Overall survival was extended in patients with hepatocellular carcinoma and elevated baseline alpha-fetoprotein (AFP) who received second-line treatment with ramucirumab (Cyramza) versus placebo, according to findings from the phase III REACH-2 trial.
Levi Garraway, MD, PhD
Overall survival (OS) was extended in patients with hepatocellular carcinoma and elevated baseline alpha-fetoprotein (AFP) who received second-line treatment with ramucirumab (Cyramza) versus placebo, according to findings from the phase III REACH-2 trial.
Eli Lilly and Company, the manufacturer of the VEGFR-2 inhibitor also reported that, in addition to the primary OS endpoint, ramucirumab also improved progression-free survival (PFS). Lilly plans to present findings from the study at an upcoming medical conference.
“Advanced liver cancer is an aggressive disease that has a poor prognosisand for those that have elevated AFP levels, the prognosis is even more dismal,” Levi Garraway, MD, PhD, senior vice president, global development and medical affairs, Lilly Oncology, said in a statement.
“The expected survival of these patients is only a few months following first-line treatment if they don't go onto second-line therapy.

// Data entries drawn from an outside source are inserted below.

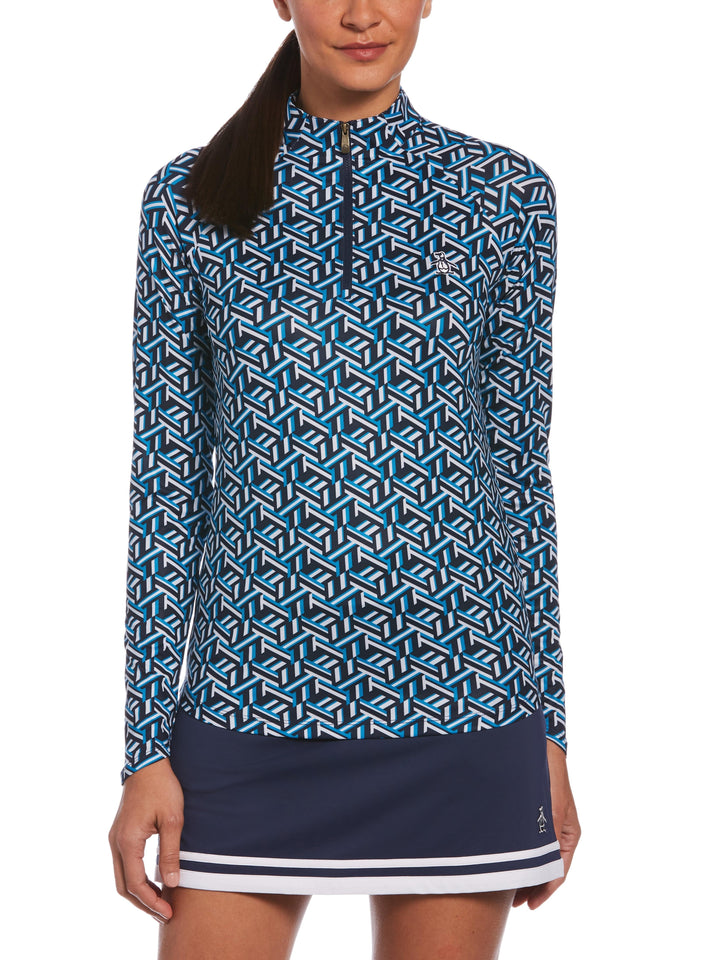 Geo Printed Sun Protection  (Black Iris) 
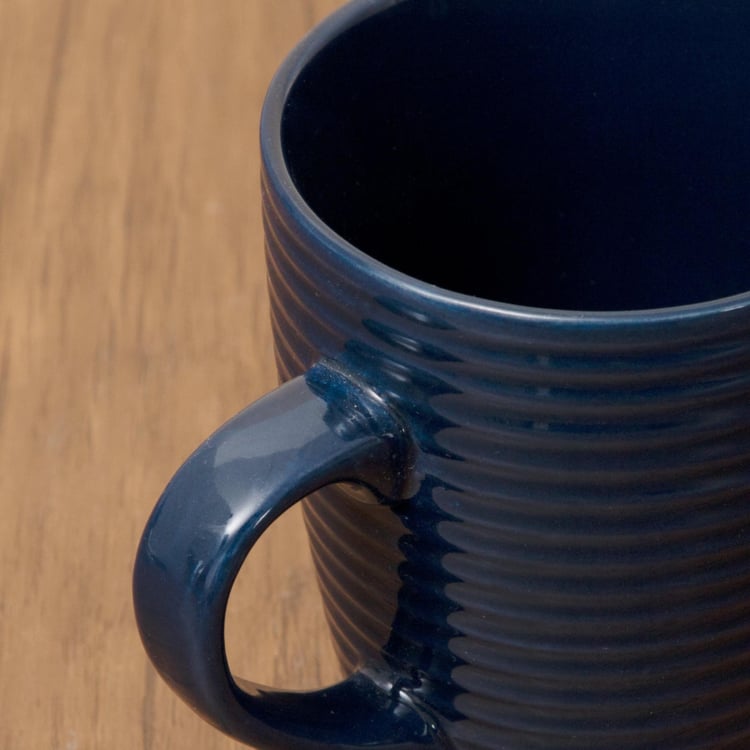 Colour Connect Textured Mugs - Stoneware -260 ml -Mug 12 cm  L x 8.5 cm  W x 10 cm  H -Blue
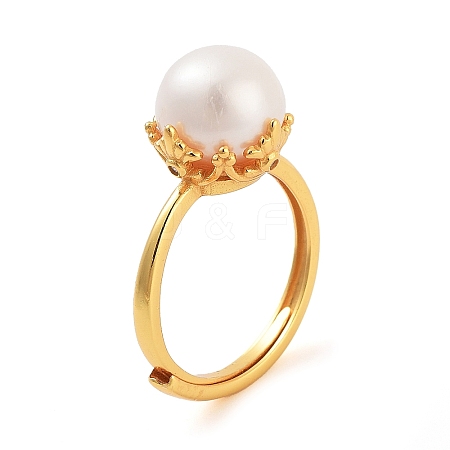 Round Natural Pearl Finger Rings STER-Z009-05G-1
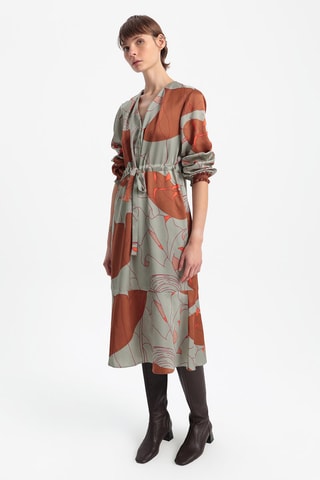 Robe midi - Gris foncé et camel
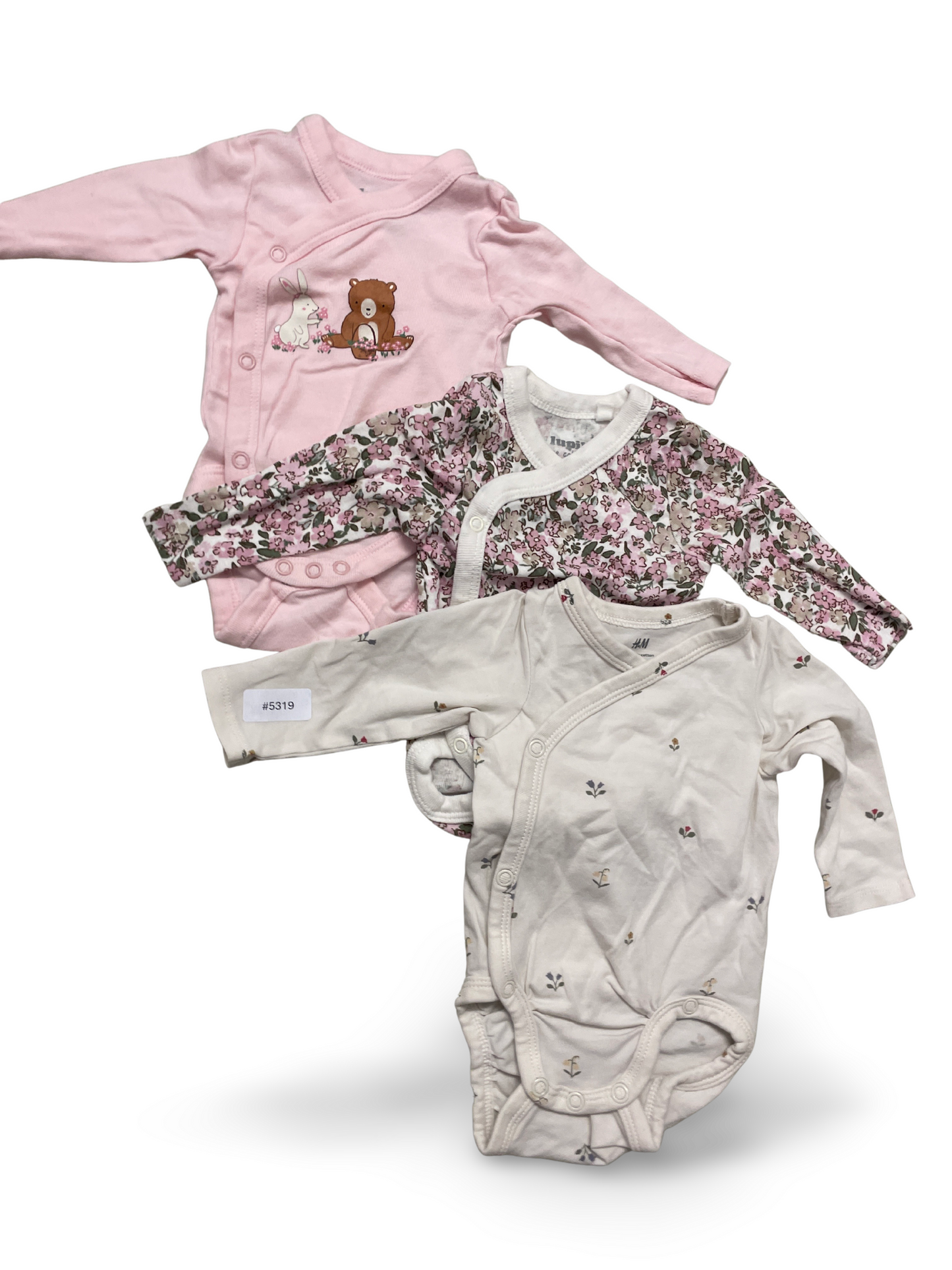 3er Bundle Strampler rosa, geblümt und creme mit Blumen und Tiermotiv - Gr. 50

For this reason, Lilly is encouraged by the results of REACH-2 and the potential for Cyramza to benefit patients in this setting,” added Garraway.
REACH-2 is a follow-up to the phase III REACH trial. In June 2014, Lilly Oncology reported that in the REACH study, second-line treatment with ramucirumab did not improve OS compared with placebo in the full population of patients with advanced HCC.
Investigators later conducted further analyses of the REACH data, including a subgroup analysis which demonstrated that patients with high expression of AFP did experience an OS benefit with ramucirumab.1Based on these findings, the phase III REACH-2 study was launched, with the goal of assessing ramucirumab specifically in patients with AFP-high HCC.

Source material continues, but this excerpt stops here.